We want to understand how the work a compiler does grows as the input program gets bigger.

Specifically, how much effort is needed to turn high-level code into machine code as the program size increases?

Scenario Under Consideration

Analyze the time complexity of the following simplified compiler translation step.


for each statement in source_code:
    analyze statement
    generate machine_code for statement

This code shows a compiler processing each statement one by one to produce machine code.

Identify Repeating Operations

Look for repeated actions that take time.

  • Primary operation: Processing each statement in the source code.
  • How many times: Once per statement, so as many times as there are statements.
How Execution Grows With Input

As the number of statements grows, the compiler does more work.

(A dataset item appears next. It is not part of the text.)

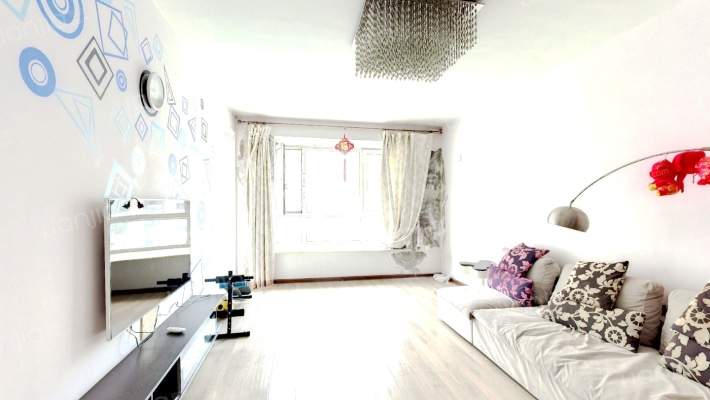 美罗湾三期二手房实景图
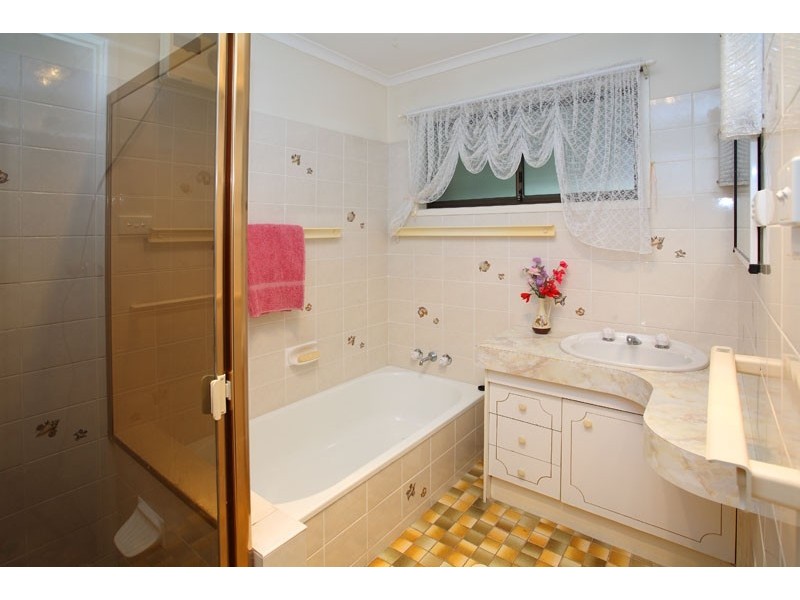 4 Bajimba Street, Manly West QLD 4179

Input Size (n)Approx. Operations
10About 10 processing steps
100About 100 processing steps
1000About 1000 processing steps

Pattern observation: The work grows directly with the number of statements.

Final Time Complexity

Time Complexity: O(n)

This means the compiler's work grows in a straight line with the size of the input program.

Common Mistake

[X] Wrong: "The compiler's work grows much faster than the program size because it translates everything multiple times."

[OK] Correct: Each statement is processed once in this step, so the work grows evenly with the number of statements, not faster.

Interview Connect

Understanding how compiler work scales helps you think clearly about program translation and efficiency, a useful skill in many software roles.

Self-Check

"What if the compiler had to check each statement against every other statement? How would the time complexity change?"